Here's a guide to 3 other key complaints from CPAP users and some basic solutions.
Solutions to 6 common problems with CPAP (4-6)
#4: The skin on your face is irritated
Skin irritation on the face where the mask is positioned can be caused by the following:
Poor CPAP mask fit: If your mask doesn't literally fit your face like a glove or second skin, then it's either the wrong mask for your facial landscape or you've not achieved a proper fit.
You may want to spend more time adjusting the fit and the headgear at bedtime, or call your DME for a brief fitting session. They won't mind helping you with this process.
An overtightened mask: Sometimes patients will overtighten their CPAP masks because they fear leak issues or feel like their masks will fall off if they don't. Keep in mind that part of the seal is naturally set when the pressure is turned on. Overtightening the mask will either result in more leaks or red facial marks or pressure sores. Get help with fitting your mask if you develop these.

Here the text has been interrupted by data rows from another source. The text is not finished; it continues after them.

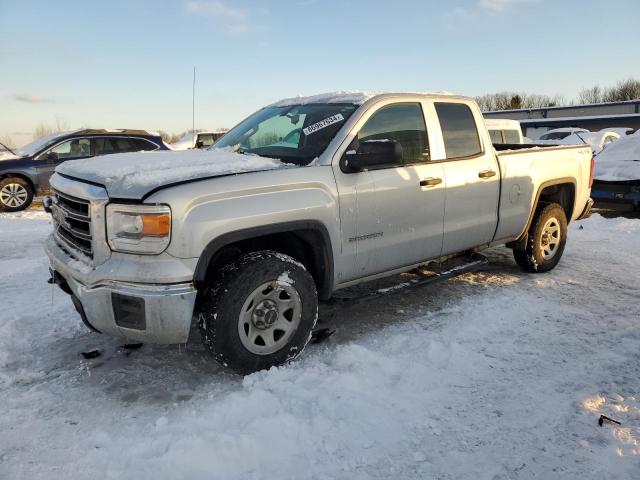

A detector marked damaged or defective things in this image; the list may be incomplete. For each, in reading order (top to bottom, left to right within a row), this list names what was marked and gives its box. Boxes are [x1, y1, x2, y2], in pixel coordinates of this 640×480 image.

damaged front bumper [45, 234, 196, 344]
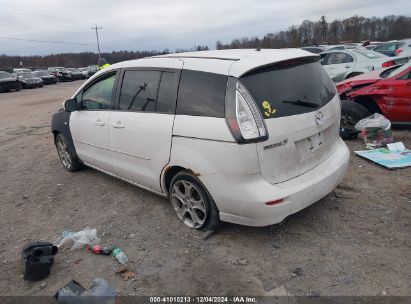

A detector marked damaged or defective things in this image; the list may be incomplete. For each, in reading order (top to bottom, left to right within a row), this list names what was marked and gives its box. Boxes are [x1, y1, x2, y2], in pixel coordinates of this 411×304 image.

damaged rear window [240, 59, 336, 119]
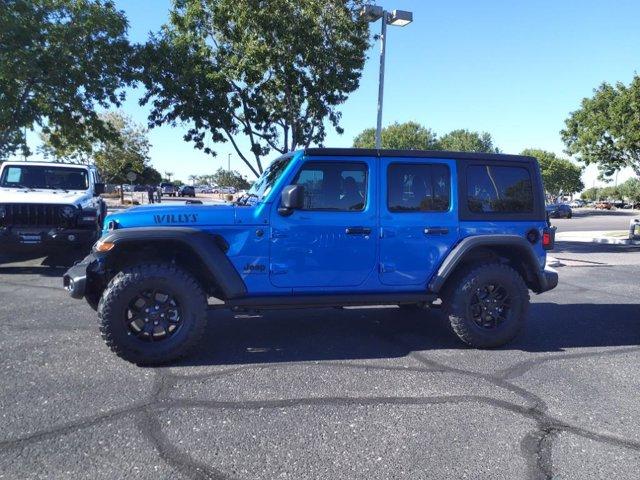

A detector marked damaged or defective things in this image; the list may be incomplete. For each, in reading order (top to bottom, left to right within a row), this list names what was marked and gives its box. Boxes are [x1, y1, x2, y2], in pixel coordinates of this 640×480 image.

crack in asphalt [1, 328, 640, 478]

Allergic reaction to mask materials: If it's an allergy, you'll know the first time you wear it. Contact your DME right away, if this is the case. If, after a couple of weeks, you suddenly notice skin irritation, it's probably not an allergy.

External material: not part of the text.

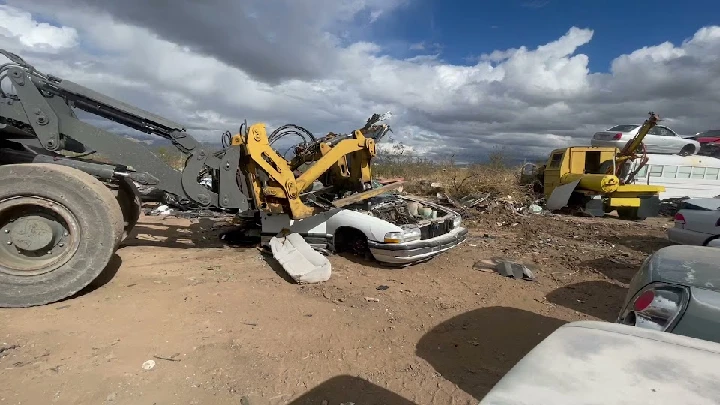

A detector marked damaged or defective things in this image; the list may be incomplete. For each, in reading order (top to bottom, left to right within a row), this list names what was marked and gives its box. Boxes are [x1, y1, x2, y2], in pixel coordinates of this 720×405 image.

crushed white car [258, 193, 466, 266]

Unclean mask: Are you cleaning your mask per the instructions you've been given by the DME? If you aren't, you can end up with skin irritation caused by a mask carrying bacteria or other microscopic irritants. Make sure to follow cleaning and maintenance protocols to the letter.
#5. You have bad gas
If you feel bloated or gassy in the morning after using your CPAP, this could be the result of something called aerophagia(swallowing air).
Though you are not using your CPAP therapy as a ventilation support system (you do not breathe the pressurized air, it simply splints open your airway so you can breathe on your own), you can still swallow air, especially at higher pressures.
This happens because the forced air that is meant to move throughout your respiratory system can sometimes slip into the opening of esophagus where food and water are normally directed. This can lead to pockets of air ending up in your stomach, causing bloating, burping, and gassiness.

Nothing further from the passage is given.